One or more of several different attachments, selected based upon the desired cooking mode, may be positioned in cooking compartment 14. Each attachment will now be described. When microwave cooking, a glass plate 53, as shown in FIG. 3, is used when heating and cooking. Both a plastic thawing rack 54 and the glass plate are used when thawing. Boiled rice, side dishes, milk, etc., to be warmed are placed in containers put on glass plate 53. When thawing, thawing rack 54 is placed on glass plate 53. Then the food to be thawed is placed on thawing rack 54.
When oven cooking or grill cooking, metal baking trays 56 and 58 and/or a grill rack 60 are used, as shown in FIG. 1. Upper baking tray 56 and lower baking tray 58 are of the same construction, in the shape of a shallow square dish. Baking trays 56 and 58 can be placed on top supports 62 and bottom supports 64 on side walls of cooking compartment 14, respectively.
When oven cooking, at least one baking tray 56 or 58 is used. When grilling, grill rack 60 is always used only with upper baking tray 56 to position food close to grill heater 34. Grill rack 60 is positioned on upper baking tray 56, and the food is positioned on grill rack 60. When oven cooking and when grill cooking, glass plate 53 is removed from cooking compartment 14.

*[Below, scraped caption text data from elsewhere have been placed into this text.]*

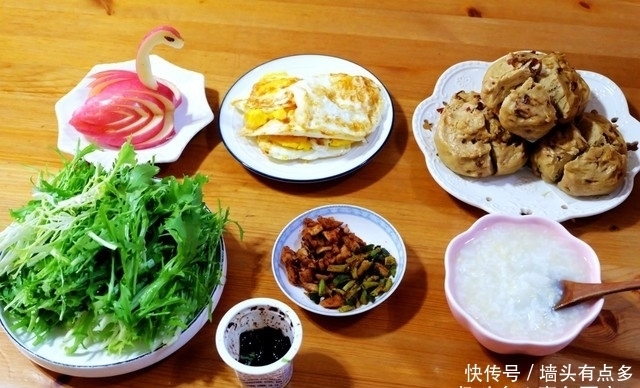 我家|晒晒我家这8天的早餐,每天都有好几样,口味清淡,食材简单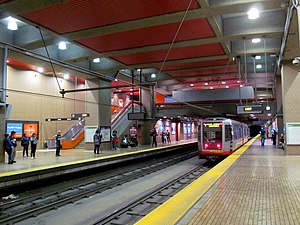 Inbound T Third train at Church station, September 2017.JPG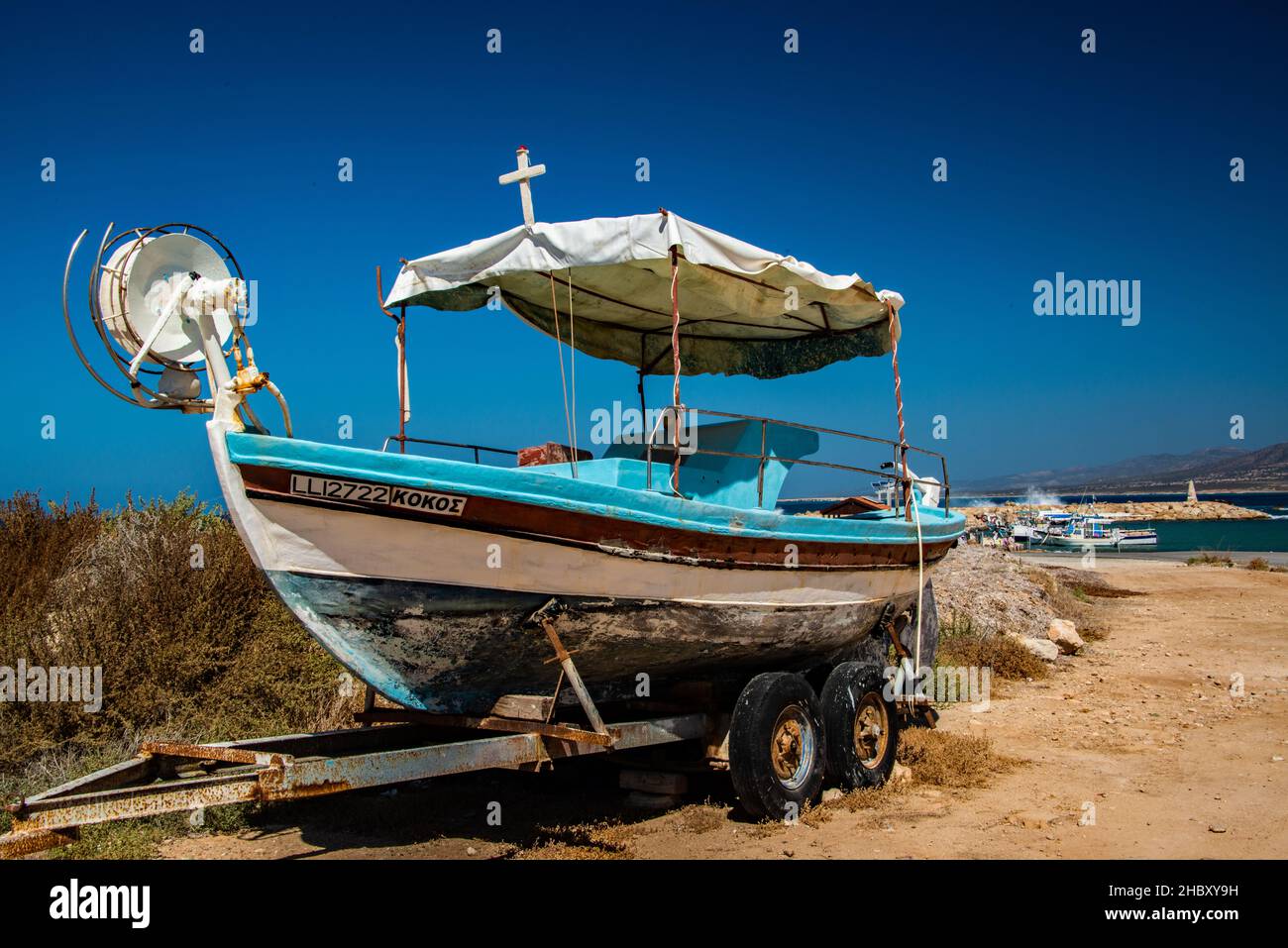 St Georges (Ayios Georgios), Akamas peninsular, Cyprus. Stock Photo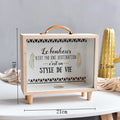 Nordic Wooden Piggy Bank Creative Sundries Storage Box Children's Bedroom Desktop Decoration Fun Gifts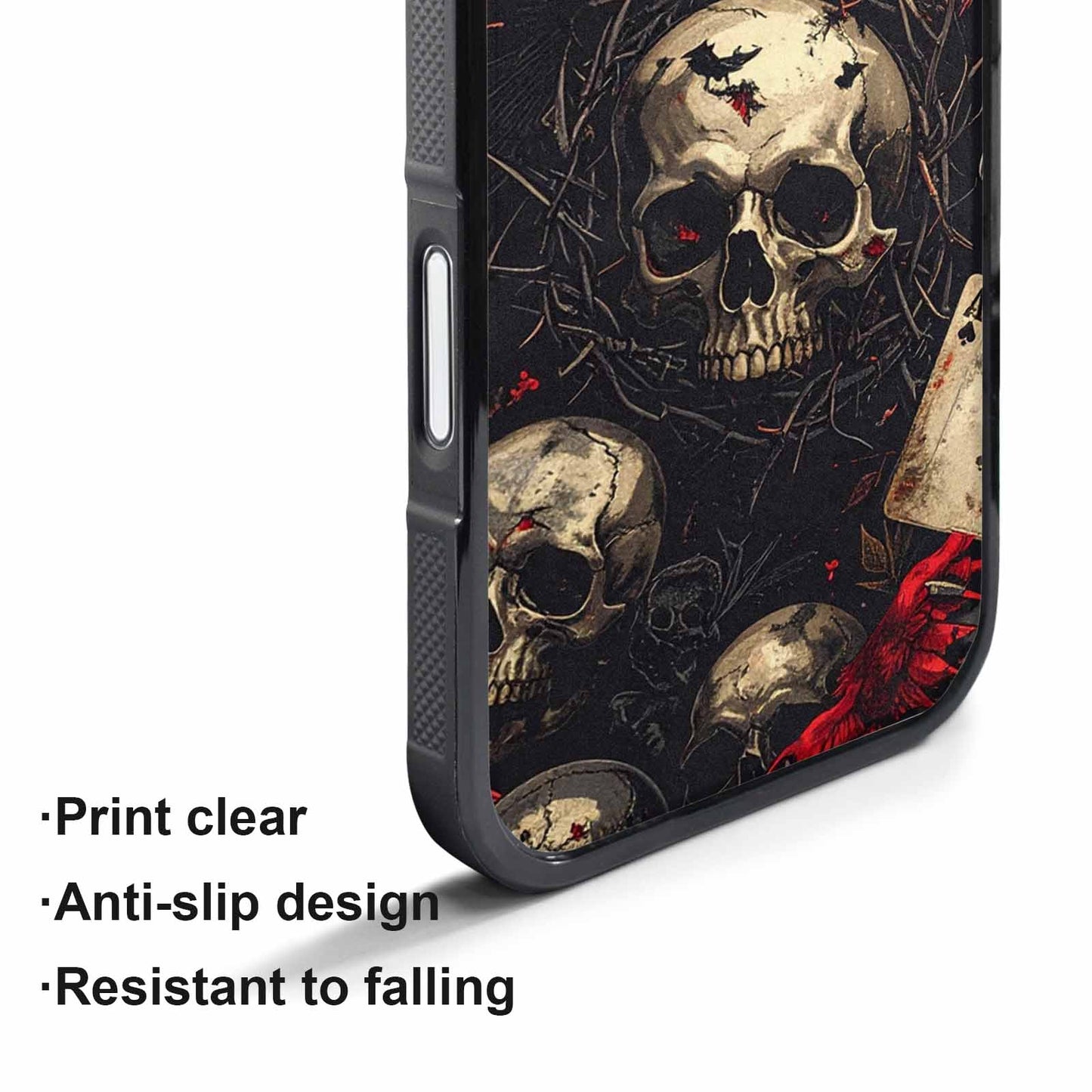 iPhone 17 Air Case — Skull Dark Art Gothic Print Gothic, Customized Protective Case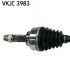 SKF VKJC 3983 Півось citroen c5 le 1.8/2.0/1.6hdi 08- 670mm 28z/24z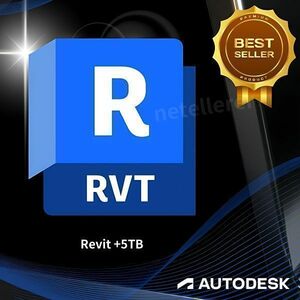 『5TBの特典付』 正規 Autodesk Revit 2021/2022/2023/2024 Win 全バージョン認証可 ３台同時利用可 アップデート可　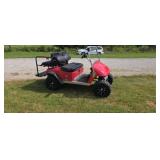 EZ-GO Electric Golf Cart with Led Light Strip,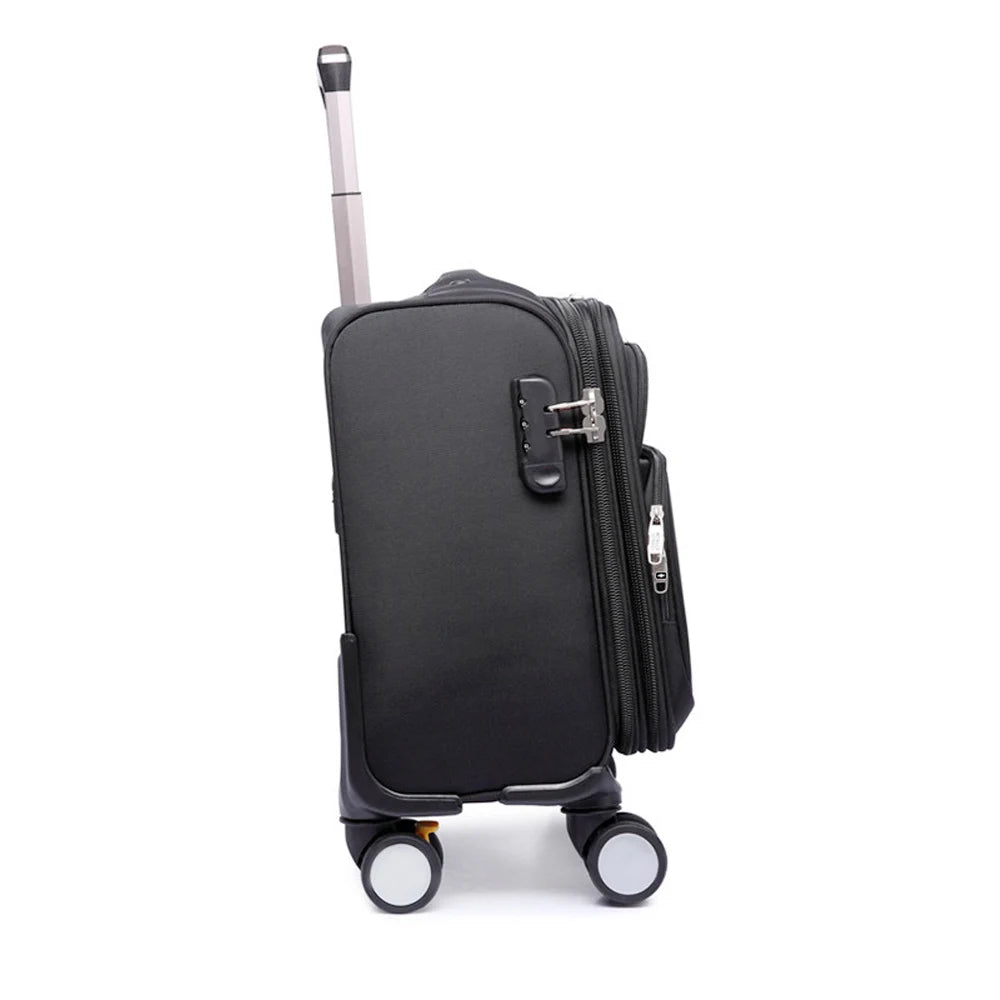 2023 Trendy Tech Suitcase: Stylish Luggage with Universal Wheels and Password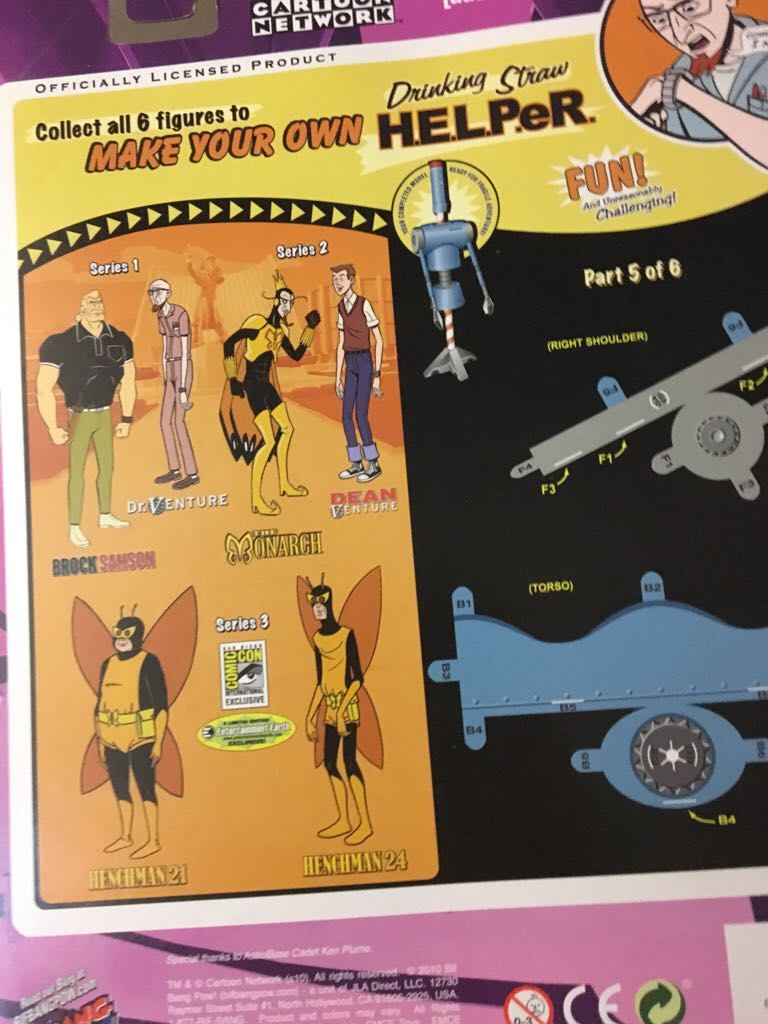 Henchman 21 - Big Bang Pow (The Venture Bros.) action figure collectible [Barcode 814826011269] - Main Image 2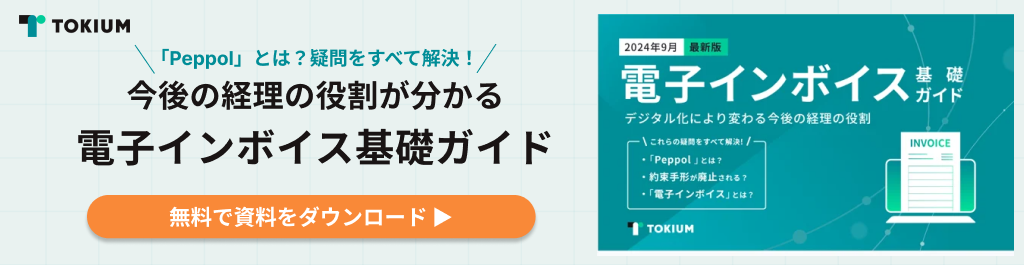 電子インボイス基礎ガイド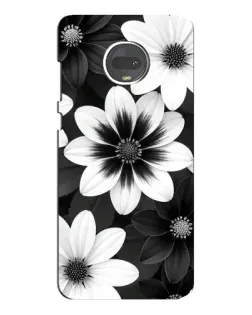 Чехол для Motorola MOTO G7 с картинкой «Монохромные астры»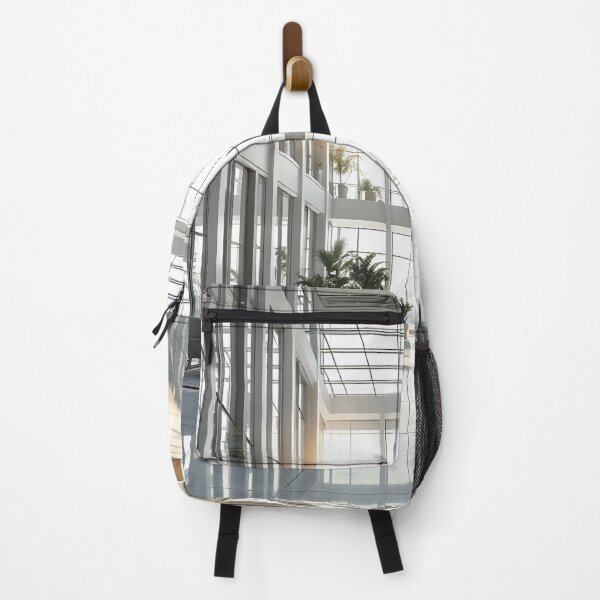 Item preview, Modern Glass Atrium Office – Premium 3D HD designed and sold by DreamyWallVibes.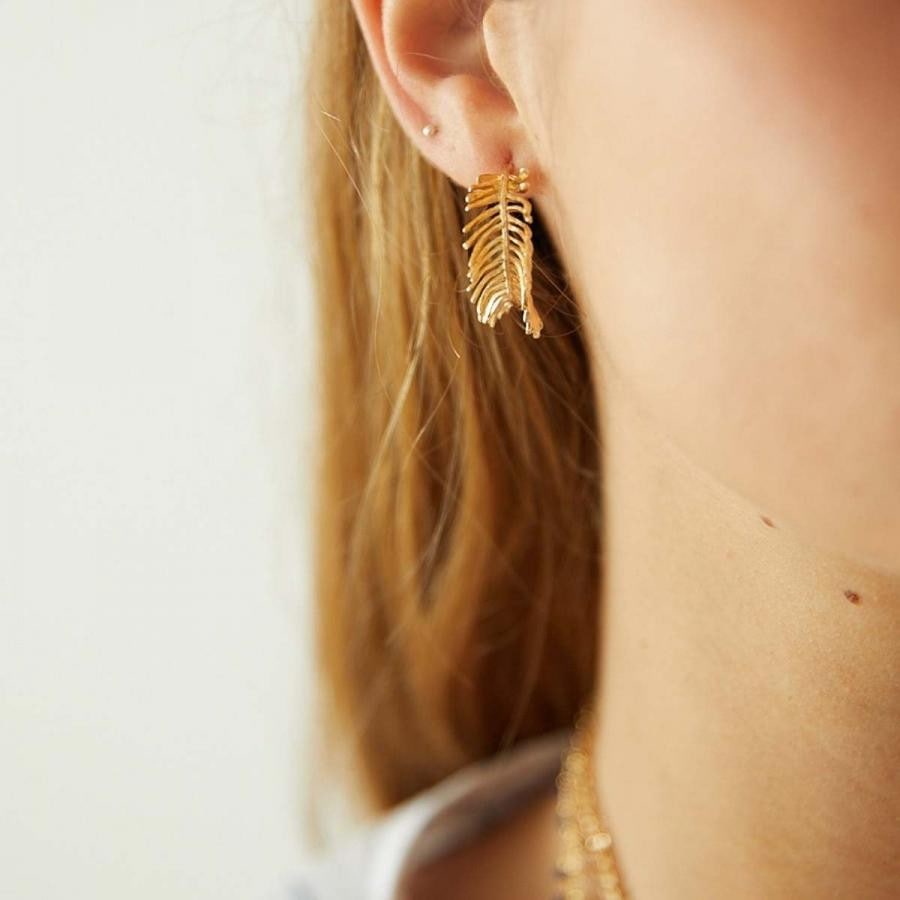 FLORA ピアス ゴールド FREE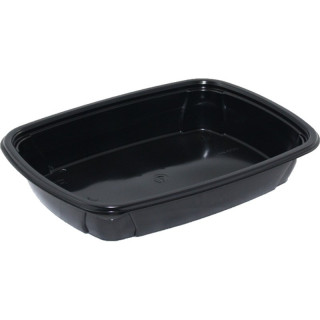 Miska 1-dílná černá 1000ml 230x170x50mm 50ks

Five pairs of transmission type photosensors 66 to 74 comprise light projectors such as infrared irradiation light emitting diodes 66a to 74a and photoceptors such as photodiodes 66b to 74b. Photosensors 66 to 74 are positioned on the exterior of the side wall of cooking compartment 14. The side wall of cooking has five pairs of holes 76 in accordance with light projectors 66a to 74a and photoceptors 66b to 74b. Photosensors 66 to 74 can detect attachments in cooking compartment 14 through holes 76. The first photosensor 66, which is located at the lowest position, can detect whether glass plate 53 is positioned in turntable 52. The second photosensor 68, which is located at the second lowest position, can detect whether lower tray 58 is hung on bottom supports 64. The third photosensor 70, which is located at the middle position, can detect whether thawing rack 54 is positioned on glass plate 53. The fourth photosensor 72, which is located at the second highest position, can detect whether upper tray 56 is hung on top supports 62. The fifth photosensor 74, which is located at the highest position, can detect whether grill rack 60 is on upper tray 56.
As shown in FIG. 3, when glass plate 53 is on turntable 52, first photoceptor 66b cannot receive light which is emitted by first light projector 66a, because glass plate 53 interrupts the light. When thawing rack 54 is on glass plate 53 in the thawing mode, third photoceptor 70b cannot receive light which is emitted by third light projector 70a as well, because thawing rack 54 interrupts the light.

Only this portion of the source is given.